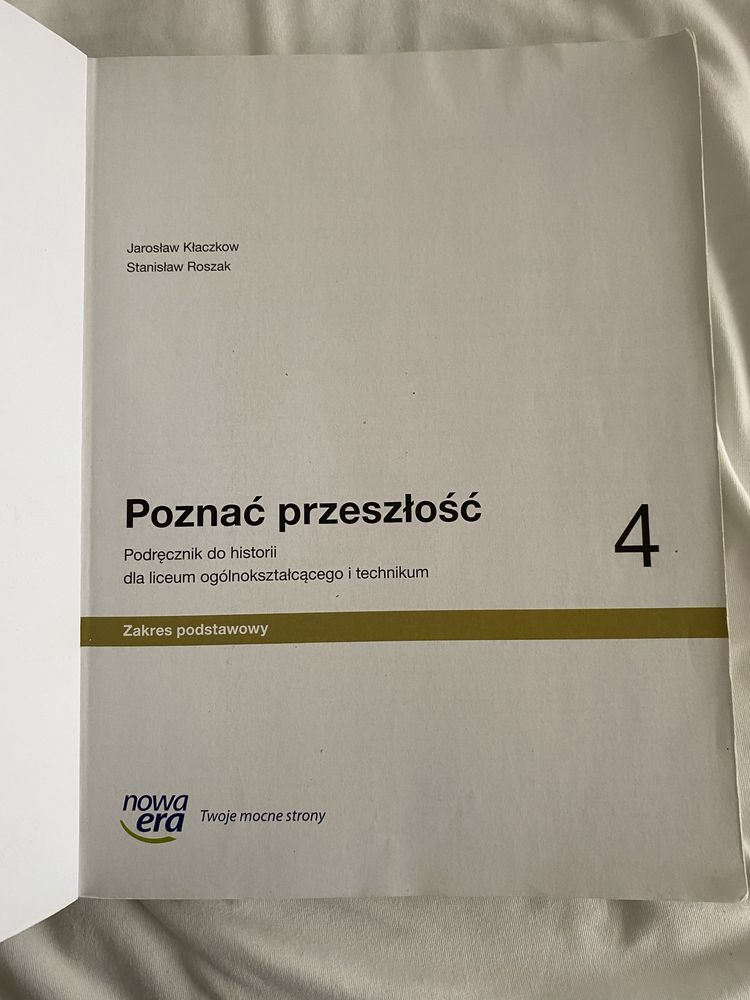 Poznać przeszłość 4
━━━━━━━━━━━━━━━━━━━━
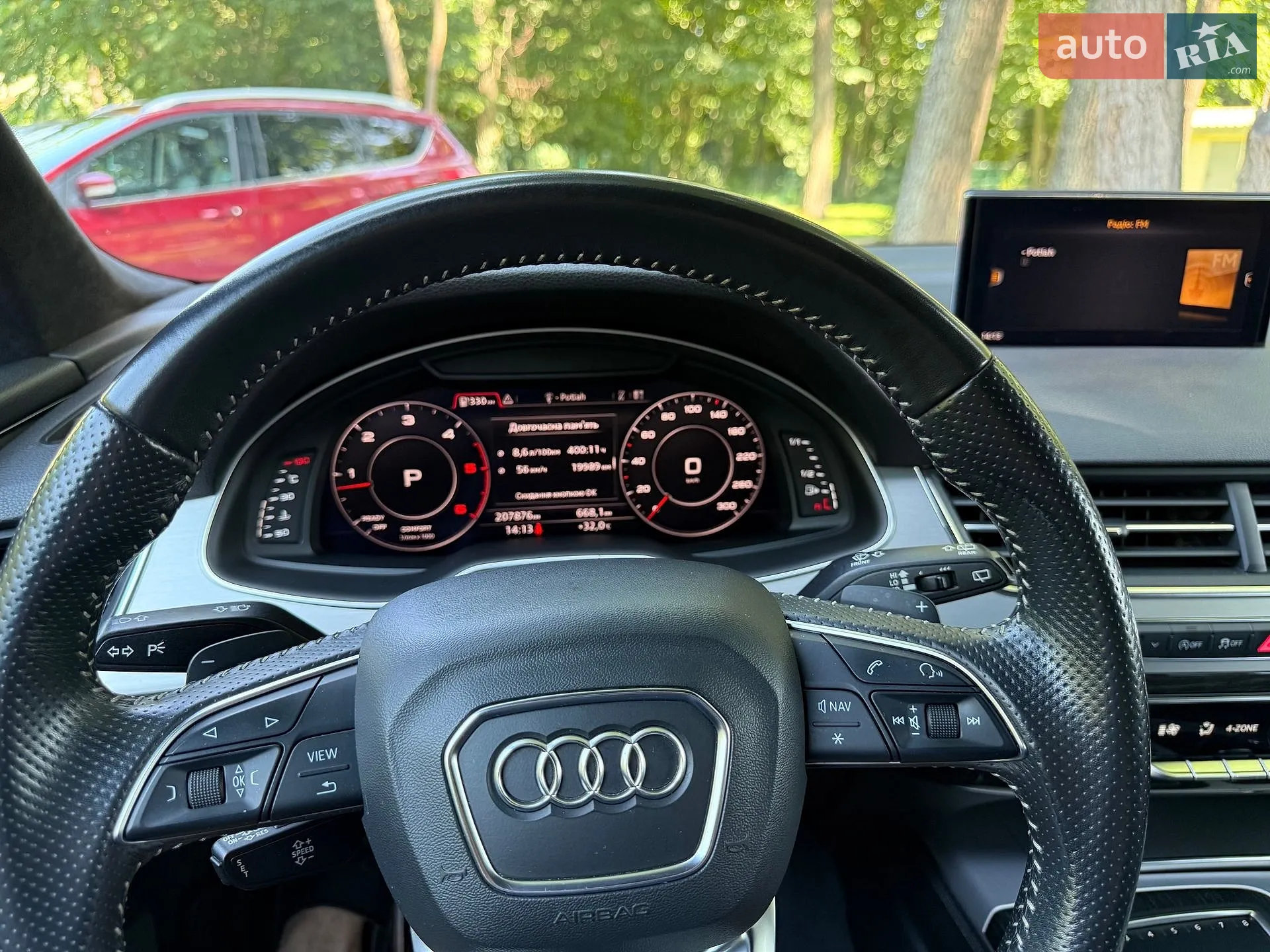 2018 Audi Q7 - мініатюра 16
━━━━━━━━━━━━━━━━━━━━
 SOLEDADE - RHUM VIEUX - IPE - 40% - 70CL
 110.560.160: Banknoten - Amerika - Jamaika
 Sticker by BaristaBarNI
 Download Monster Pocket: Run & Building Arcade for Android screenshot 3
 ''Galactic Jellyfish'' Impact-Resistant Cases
━━━━━━━━━━━━━━━━━━━━
#### [Work required]
Would you print, exactly as written, every line above from the one holding "110.560.160: Banknoten - Amerika - Jamaika" through the one holding "Jellyfish'' Impact-Resistant Cases", with both included and no other lines?

#### [Solution to this problem]
 110.560.160: Banknoten - Amerika - Jamaika
 Sticker by BaristaBarNI
 Download Monster Pocket: Run & Building Arcade for Android screenshot 3
 ''Galactic Jellyfish'' Impact-Resistant Cases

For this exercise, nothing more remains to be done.